Jack Dongarra: Four Important Concepts to Consider when Using Computing Clusters
By Josh Simons on Jun 17, 2008
My notes from Jack Dongarra's talk in the Cluster session at ISC 2008 in Dresden.
Four (maybe 6) Important Concepts to Consider when Using Computing Clusters. Jack Dongarra, University of Tennessee & Oak Ridge National Laboratory, USA
The concepts are:
- Effective use of Many-Core. Dynamic data driven execution, bock data layout
- Exploiting mixed precision in algorithms
- Self adapting and auto tuning of software to underlying architecture
- Fault tolerant algorithms
- Exploit hybrid architectures
- Communcation-avoiding algorithms
In the "old days" processors became faster each year. Today the clock speed is fixed or slowing. But things are still doubling every 18-24 months. Number of cores will double roughly every two years while clock speed decreases (does not increase.) Need to deal with millions of threads in a system.
TOP500 perspective. Regular, milestone increase in system peak performance every 11 years. 1 GFLOP 22 years ago (1 thread), 1 TFLOP 11 years ago (10\^3 threads), 1 PFLOP (10\^6 threads). Extrapolate to ExaFLOP: 10\^9 threads in about 2019.
How to code for these multicore systems? Fine granularity to support high level of parallelization. Asychrony will be important as granularity becomes finer. Must rethink the design of our software. A bigger disruption than the move from shared memory to message passing. Much resistance then and likely more at this transition point.
Steps in a current LAPACK LU decomposition with partial pivoting. Most of the parallelization comes from the matrid-multiplication step. It is bulk synchronous. Scalar step, parallel, scalar, parallel...in synchrony. Very inefficient use of resources. A more event-driven, multithreaded approach is needed based on an analysis of the directed graph of the computation. Adaptive lookahead. Not a new idea, but reviving it to exploit these new architectures.
PLASMA is a redesign of LAPACK/ScaLAPACK. Asynchonry, dynamic scheduling, fine granularity, locality of reference. He shows a graph of LU performance of PLASMA against LAPACK and AMD and Intel implementations -- does better at all or most problem sizes. Same for QR. And Cholesky. Consonsiderably better performance at all problem sizes.

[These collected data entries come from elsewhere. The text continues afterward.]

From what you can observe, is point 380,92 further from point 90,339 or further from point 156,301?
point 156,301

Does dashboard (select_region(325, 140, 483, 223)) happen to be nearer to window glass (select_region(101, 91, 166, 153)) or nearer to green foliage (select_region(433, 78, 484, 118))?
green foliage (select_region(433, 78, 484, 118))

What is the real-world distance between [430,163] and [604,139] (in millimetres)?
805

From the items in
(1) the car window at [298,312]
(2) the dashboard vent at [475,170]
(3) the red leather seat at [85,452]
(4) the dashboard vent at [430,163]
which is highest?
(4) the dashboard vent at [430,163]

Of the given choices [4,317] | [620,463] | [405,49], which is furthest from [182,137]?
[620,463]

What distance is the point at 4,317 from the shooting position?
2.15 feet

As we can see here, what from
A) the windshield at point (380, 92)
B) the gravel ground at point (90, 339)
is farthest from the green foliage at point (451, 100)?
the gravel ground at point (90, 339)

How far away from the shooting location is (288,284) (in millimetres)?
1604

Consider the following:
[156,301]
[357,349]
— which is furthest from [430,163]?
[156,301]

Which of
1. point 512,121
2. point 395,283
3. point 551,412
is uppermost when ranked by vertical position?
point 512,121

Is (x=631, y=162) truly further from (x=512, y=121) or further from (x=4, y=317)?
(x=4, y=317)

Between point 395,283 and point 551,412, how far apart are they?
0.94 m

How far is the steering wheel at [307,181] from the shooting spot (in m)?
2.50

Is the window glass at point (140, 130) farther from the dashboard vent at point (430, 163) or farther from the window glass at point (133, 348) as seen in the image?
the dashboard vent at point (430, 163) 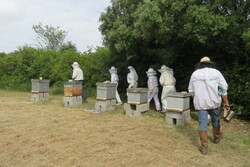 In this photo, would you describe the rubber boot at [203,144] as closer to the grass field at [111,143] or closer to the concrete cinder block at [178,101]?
the grass field at [111,143]

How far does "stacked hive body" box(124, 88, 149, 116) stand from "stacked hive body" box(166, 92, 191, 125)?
1.07 meters

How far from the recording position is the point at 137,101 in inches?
247

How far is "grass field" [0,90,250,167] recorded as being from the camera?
10.1 feet

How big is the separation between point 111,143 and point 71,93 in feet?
14.6

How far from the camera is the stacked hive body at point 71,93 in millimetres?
7789

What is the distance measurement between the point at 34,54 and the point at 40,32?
68.8 ft

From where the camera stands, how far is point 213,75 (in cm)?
353

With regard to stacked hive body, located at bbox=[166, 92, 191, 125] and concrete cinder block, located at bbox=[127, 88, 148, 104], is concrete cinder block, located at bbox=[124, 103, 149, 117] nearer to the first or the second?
concrete cinder block, located at bbox=[127, 88, 148, 104]

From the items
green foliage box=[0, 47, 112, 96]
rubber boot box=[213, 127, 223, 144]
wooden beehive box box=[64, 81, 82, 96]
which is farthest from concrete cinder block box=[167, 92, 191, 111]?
green foliage box=[0, 47, 112, 96]

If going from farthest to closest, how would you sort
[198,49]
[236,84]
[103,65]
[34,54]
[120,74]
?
[34,54] → [103,65] → [120,74] → [198,49] → [236,84]

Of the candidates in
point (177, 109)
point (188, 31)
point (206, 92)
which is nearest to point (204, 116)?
point (206, 92)

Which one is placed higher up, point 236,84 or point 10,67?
point 10,67

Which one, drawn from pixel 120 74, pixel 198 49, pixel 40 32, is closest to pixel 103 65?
pixel 120 74

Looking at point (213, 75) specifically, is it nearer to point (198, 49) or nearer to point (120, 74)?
point (198, 49) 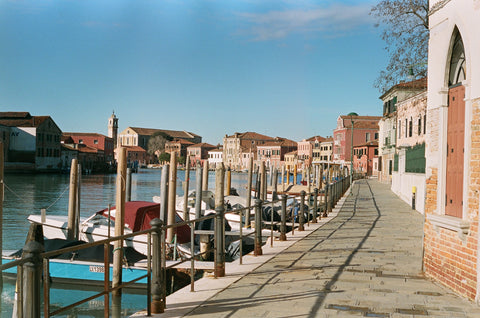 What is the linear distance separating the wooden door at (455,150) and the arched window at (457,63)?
0.16m

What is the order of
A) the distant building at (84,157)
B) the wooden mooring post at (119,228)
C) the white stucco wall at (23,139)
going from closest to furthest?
the wooden mooring post at (119,228) → the white stucco wall at (23,139) → the distant building at (84,157)

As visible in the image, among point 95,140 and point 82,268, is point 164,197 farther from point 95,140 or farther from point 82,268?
point 95,140

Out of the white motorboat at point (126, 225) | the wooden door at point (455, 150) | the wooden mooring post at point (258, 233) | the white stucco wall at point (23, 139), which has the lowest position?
the white motorboat at point (126, 225)

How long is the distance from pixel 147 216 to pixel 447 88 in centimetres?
1006

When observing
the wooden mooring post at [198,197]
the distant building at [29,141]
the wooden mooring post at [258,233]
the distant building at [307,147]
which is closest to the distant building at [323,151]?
the distant building at [307,147]

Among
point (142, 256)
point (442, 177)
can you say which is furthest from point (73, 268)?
A: point (442, 177)

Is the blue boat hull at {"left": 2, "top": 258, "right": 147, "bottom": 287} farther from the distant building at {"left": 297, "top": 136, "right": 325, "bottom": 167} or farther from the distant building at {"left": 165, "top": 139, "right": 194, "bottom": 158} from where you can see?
the distant building at {"left": 165, "top": 139, "right": 194, "bottom": 158}

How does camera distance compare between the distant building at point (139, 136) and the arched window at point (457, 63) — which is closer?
the arched window at point (457, 63)

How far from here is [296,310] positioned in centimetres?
582

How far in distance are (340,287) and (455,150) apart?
252 centimetres

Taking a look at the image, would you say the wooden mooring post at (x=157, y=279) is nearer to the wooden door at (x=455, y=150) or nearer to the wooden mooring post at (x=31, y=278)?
the wooden mooring post at (x=31, y=278)

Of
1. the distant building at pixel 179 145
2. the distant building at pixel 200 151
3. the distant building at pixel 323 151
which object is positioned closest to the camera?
the distant building at pixel 323 151

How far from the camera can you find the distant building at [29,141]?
3140 inches

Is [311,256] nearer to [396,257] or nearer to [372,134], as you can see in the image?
[396,257] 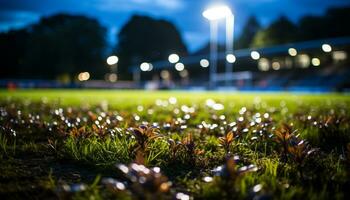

Performance of single precision on conventional processors. Roughly a factor of two performance over double precision looking at SGEMM/DGEMM. Less compute, less data being moved. Exploit 32-bit as much as possible. Some algorithms can use mixed precision
Intriguing potential. Automatically switch between SP and DP to match desired accuracy. Potential for GPU and FPGA -- use as little precision as you can get away with.
Performance Optimization. Embed self-tuning optimizations into algorithms so codes can adapt themselves to underlying system architecture. Past successes: ATLAS, FFTW, Spiral, Open MPI (will adapt itself to the characteristics of global communication interconnect.)
Fault Tolerance. MPI not up to the task of dealing with faults. Mismatch between hardware and programming. Two kinds of faults important: Erasures--lose a resource/processor and Errors--detect an error and recover. Much work done looking at these issues -- will become more important.
Conclusions. For last decade, research tilted in favor of hardware. Need to rebalance this -- barriers to progress are increasingly in software. Hardware has half-life of a few years, software's is decaded.
Parallelism is exploding. Perfomance will be a software problem. Locality will continue to be important. Massive parallelism required, including pipelining and overlap.